Acclaimed architect Wendell Burnette designed the space, which Campbell says will be “modular and simple, but beautiful and elegant.”
Dialog will have a U-shaped black coffee bar, gleaming white floors, and a minimalist interior that can transform from a “garden coffeeshop” during the day to an event space in the evening showcasing art, food, and drinks.

Dialog will be in a prominent ground-floor suite at 1001 North Central Avenue. The coffee bar will offer seating throughout the space and in the atrium.
Geri Koeppel
The cafe component will feature a wider selection of pastries than Kream has, along with a variety of roasters from all over the U.S. and Mexico.
“We only curate roasters that are doing that third wave movement, roasting coffee with the intention of bringing out the flavor of that particular crop,” Silberblatt says.
The house roaster at Kream Coffee is Sweet Bloom Coffee from the Denver area. Dialog will use Stereoscope Coffee out of Los Angeles.
“Other shops are using large blends of beans from various regions," Silberblatt adds. "They’re never going to give you that ability to talk about the harvest of the bean.”
Sweeteners are similarly refined, including organic vanilla and honey.

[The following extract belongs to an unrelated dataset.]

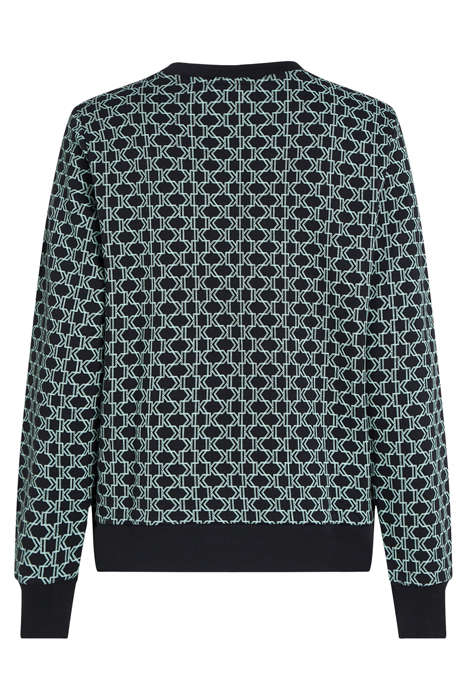 AOP MONOGRAM SWEAT BLACK 2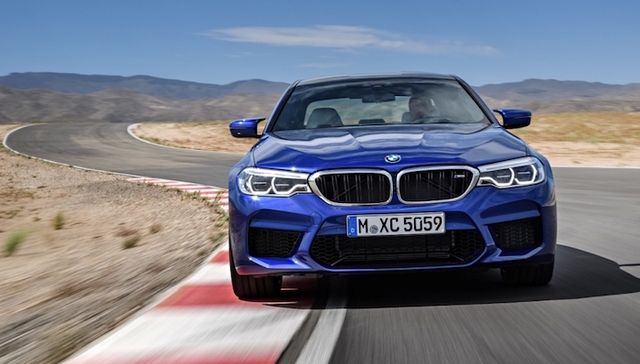 全新宝马M5把漂移玩出了吉尼斯新纪录！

“We aren’t a coffee shop where you can order whipped cream,” Campbell says.
Dialog will also serve downtown workers and residents with a market selling “daily ritual” items including cooking utensils, fresh flowers, and soap, as well as takeaway food.
The lineup includes “anything from a small, curated grab-and-go lunch to building a charcuterie board,” Silberblatt explains. “Crackers, fresh breads, canned goods, preserves. Even some chocolates and candies, but curated in an awesome way.”

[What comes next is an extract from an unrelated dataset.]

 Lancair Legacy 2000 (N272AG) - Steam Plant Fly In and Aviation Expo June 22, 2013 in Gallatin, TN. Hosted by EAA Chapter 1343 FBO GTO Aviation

He adds, “We’ll have some of the best of the best from all over the world,” whether that’s olives from Italy or locally made hummus. A drinks cooler will hold kombucha, bottled water, and “sparkling beverages that are sophisticated enough to use as a mocktail,” Silberblatt says. Dialog won’t sell alcohol.
Campbell and Silberblatt are partners in life as well as business who, when they first met, used to collect vintage furniture. They eventually became part owners of a vintage store and then bought For The People when it was a 500-square-foot space at Biltmore Fashion Park.

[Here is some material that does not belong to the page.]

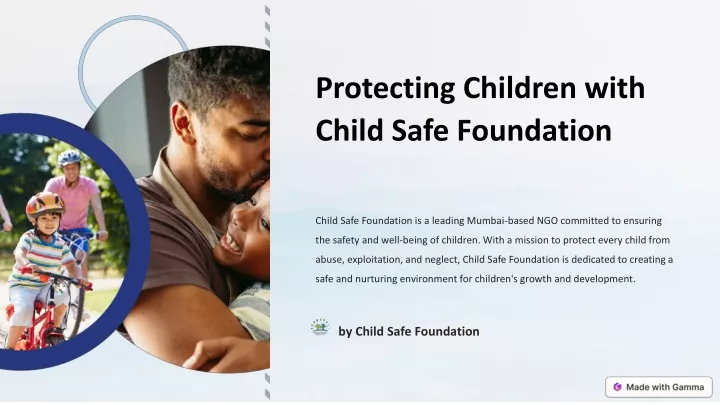 protecting children with child safe foundation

At that time, Royal Coffee was next door. The owner, Hayes McNeil, is now the principal of Plus Minus Studio and the builder for Dialog. Silberblatt calls him and Burnette their “organic dream team.”
After moving For The People to its current location on Central Avenue, Campbell and Silberblatt added Kream Coffee. They noticed people would stay and linger with their morning caffeine, so the store morphed easily into a community space.
“One thing we have really learned by bringing a coffee shop into a retail store is the connection you have with customers,” Silberblatt says.
Campbell adds, “It’s so much more than food and beverage. It’s about relationships.”